Sábado, dia seguinte, nove e meia da manhã. Ao chegar ao Mercadão, na zona central da cidade, pude observar uma grande movimentação de pessoas em torno dos equipamentos de som que eram montados. Ali haveria Circo, Gastronomia e Samba, entre outras artes. Estava começando a Virada Independente e já havia sorrisos nos rostos surpresos dos cidadãos e cidadãs que ali passavam. Pensei, naquele instante, que a nossa maratona cultural estava apenas começando, seriam mais de trinta horas de evento, isto é, se tudo corresse bem e o Estado não agisse impiedosamente frustrando os nossos planos.

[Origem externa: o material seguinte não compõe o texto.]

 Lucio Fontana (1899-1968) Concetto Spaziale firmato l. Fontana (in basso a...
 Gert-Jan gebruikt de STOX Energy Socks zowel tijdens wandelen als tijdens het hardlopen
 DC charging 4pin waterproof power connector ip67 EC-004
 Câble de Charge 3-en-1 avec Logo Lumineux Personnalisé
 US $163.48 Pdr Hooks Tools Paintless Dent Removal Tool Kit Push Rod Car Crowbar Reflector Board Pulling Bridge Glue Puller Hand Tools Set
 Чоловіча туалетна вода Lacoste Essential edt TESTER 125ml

Do Mercadão fui a pé até o Parque Ecológico Maurílio Biagi em companhia de uma amiga que fiz durante a organização do “Se Vira”, Thainá, que, apesar de ter apenas dezesseis anos de idade, também estava se virando e participando da construção do evento. Chegando lá, com o alvará do Parque em mãos para entregar ao coordenador as atividades que aconteceriam lá, tive uma visão tão animadora quanto à que tive no Mercadão: Um grupo grande de espectadores já dançava ao som de uma banda de blues. Sim, blues sábado de manhã num parque ecológico, até hoje nunca tinha visto isso naquele lugar. Aos poucos, a confiança de que tudo daria certo aumentava, pois as notícias diziam que no Cauim, Teatro Ribeirão Em Cena e demais locais tudo estava caminhando bem também.
Ainda no sábado, quando o relógio apontou duas horas da tarde, as ruas José Bonifácio e Visconde do Rio Branco foram fechadas para o trânsito. Era o Complexo da Baixada. Ao chegar ao local, observei um intenso trabalho de montagem de palcos e tendas. Os equipamentos de som, iluminação, entre outros, eram carregados pelos braços daqueles que mais tarde estariam cantando e tocando. Incrível, os artistas não estavam em seus camarins aguardando o palco ser montado, estavam montando eles e elas próprias, ou seja, participando do processo integral.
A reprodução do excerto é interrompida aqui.